Lorber // Unrated // February 26, 2013
List Price: $29.95 [Buy now and save at Amazon]

Review by Christopher McQuain | posted April 14, 2013 | E-mail the Author
THE FILM

Over Your Cities Grass Will Grow is technically a documentary by Sophie Fiennes about an especially bold and rich period in the career of German-born painter/sculptor/all-around celebrated artist Anselm Kiefer. But, even more so than Corinna Belz's similarly-minded artist doc Gerhard Richter Painting, the aim of Fiennes's film is much less informational than experiential, with Kiefer's biography, wider body of work, and the huge amount of criticism/appreciation/interpretation that's built up around it over the decades all kept at a radical (but, at least according to Fiennes's sensibility, necessary) distance. Instead, the director uses her camera to show us the artist at work and, most extensively and importantly, the work itself, which her clearly well-developed, highly-attuned filmmaker's instinct has correctly discerned to be uniquely well-suited to a roving, sharp, insatiably curious camera eye like hers, constantly shifting its gaze laterally and around corners, probing in close, and/or pulling back and taking in the wider view, all to ensure that we limn every contour and take in every strange, uncanny, frightening and exhilarating, petrified and petrifying sight (or, perhaps better put in this physically very spacious and landscape/architectural-minded context, site) Kiefer has created.

What that is, in general terms as put forth in a very brief, not very descriptive bit of onscreen-text prologue, is Kiefer's creative/destructive reshaping, beginning in the year 2000 and ongoing through most of the subsequent decade, of an estate in the south of France that he took over and began living/working in in 1993. This peculiar location, surrounded by some of France's most beautiful hills, forests, and meadows, was once occupied by a silk factory, now long disused, but its shelled-out physical plant, very incompletely reabsorbed by the slow but inexorable decaying process of nature, still hanging over all the natural beauty like some post-apocalyptic specter.
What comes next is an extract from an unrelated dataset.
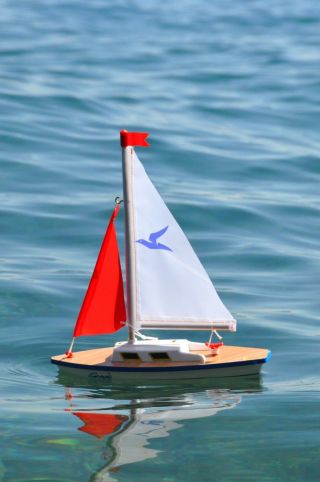 Gunther Giggi sailboat - Big fun packed into a little boat 3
Kiefer evidently found the melancholy, crumbling beauty of this hulking carcass of industrial apparatus tremendously inspiring (the ample views of it proffered by Fiennes make it clear why), since much of the multifarious artistic alterations he's made riff on that theme of inescapable impermanence, the moving and sobering folly of humankind's big, monumental, delusionally massive and fixed projects seen in hollowed-out, archeological retrospect: He's erected misshapen, weathered stone towers, simultaneously ancient and futuristic-looking; constructed a vast underground labyrinth/forest full of twists and bends and a sense of entrapped, eternal disorientation; and built anew or repurposed already-exiting houses, worn-out dwellings abandoned as if after a war or disaster, occupied only by his time-weathered sculptures and other pieces; and generally left "relics" everywhere -- carefully designed and aged and broken shards and bits of some vaguely familiar but unidentifiable civilization -- overall cultivating an ineffable, eerie, mysterious sense of some half-excavated ruin bearing evocative, disconcerting traces of lives, now long gone, once marked by joy, creative and practical accomplishment, and horror.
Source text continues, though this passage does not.